Multivariate Analysis of Limestone Petrography Data On Kalipucang Formation Using R
Achmad Darul1,#., Dasapta Erwin Irawan2., Jejen Ramdani1., Fauzan Septiana1., Siti Saniyyah Sholihat3
1 Fakultas Teknik dan Desain, Institut Teknologi Sains Bandung, Jalan Ganesha Boulevard LOT A-1 CBD Deltamas, Bekasi, Indonesia
2 Fakultas Ilmu dan Teknologi Kebumian, Institut Teknologi Bandung, Jalan Ganesha no. 10 Bandung, Indonesia
3 Fakultas Ilmu Pendidikan, Unversitas Pendidikan Indonesia, Jalan Dr.

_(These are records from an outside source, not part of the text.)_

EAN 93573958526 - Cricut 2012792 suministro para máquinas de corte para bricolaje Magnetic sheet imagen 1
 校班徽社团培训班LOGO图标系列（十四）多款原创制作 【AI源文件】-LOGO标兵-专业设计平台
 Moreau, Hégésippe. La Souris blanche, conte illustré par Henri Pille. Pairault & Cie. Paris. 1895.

Setiabudhi no. 229, Bandung, Indonesia
Abstract. Limestone is one of the most strategic construction materials. Its physical properties are controlled by chemical properties. Different types of limestone can be distinguished by examining thin section. However, it is still complicated to classify limestones based on qualitative observation. Geologists also need a method to classify large number of samples based on training data. This paper applies multivariate statistical techniques (principal component analysis and cluster analysis) to assist sample classification. We used 57 samples of thin section rock of Kalipucang Formation from three location: Pancatengah-Tasikmalaya (PCT); Cijulang-Ciamis (CJL) and Sindangsari-Ciamis (SDS). An open source R statistical package, was used in the analysis. The result from our training data, shows a consistent classification with the initial visual classification. Each locations show a distinct petrographical compositions: Group 1 shows the dominant control of depositional environment with strong values of foraminifera, algae, mud carbonate, coral fragments. Group 2 shows a mixing with igneous rock with plagioclase, opaque, glass, pyroxene. Group 3 shows a the a mixing with transported-sediment with traces of quartz compositions, iron oxides, rock fragments. However we need to make more trials using more data set to test this method.
Key words: Limestones, Multivariate analysis, Petrography.
Note: This abstract has already presented in the iGeos International Conference 2017. Currently we’re writing some revisions on the language section. We also need to link our Github page for the data and R code. The complete first version can be accessed at the INA-rxiv preprint server.